Information supplied:
************

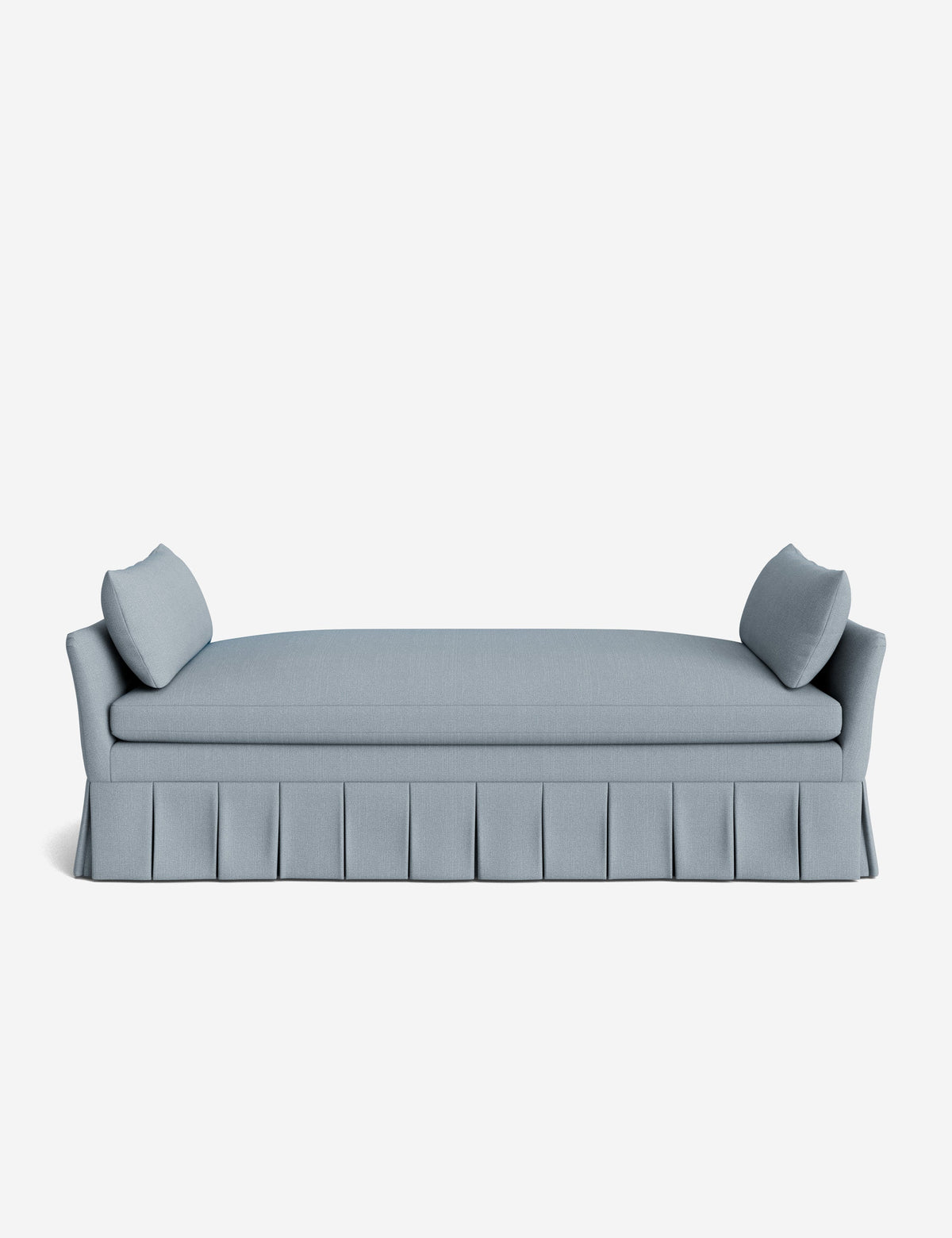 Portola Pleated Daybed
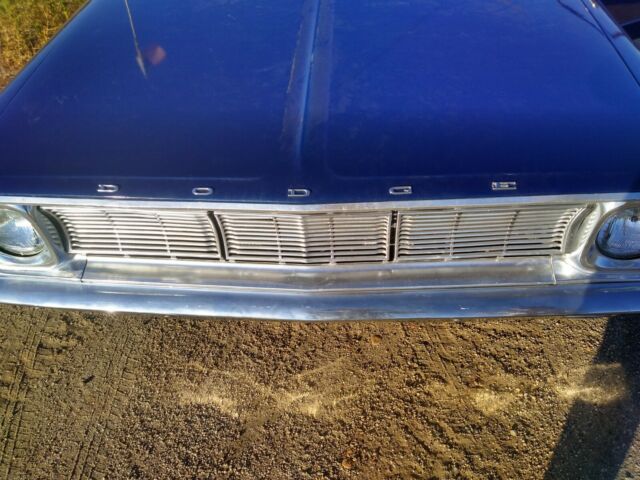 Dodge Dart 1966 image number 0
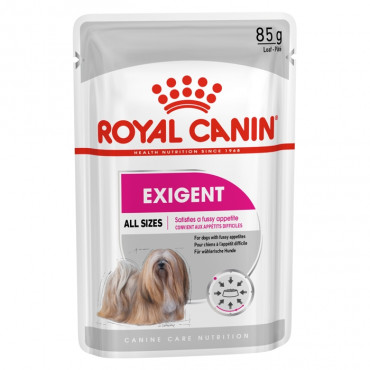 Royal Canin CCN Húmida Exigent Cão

************

Exercise instructions: Starting with the top line, write out all the data above exactly; keep the pictures out.

Task result:
 Portola Pleated Daybed
 Dodge Dart 1966 image number 0
 Royal Canin CCN Húmida Exigent Cão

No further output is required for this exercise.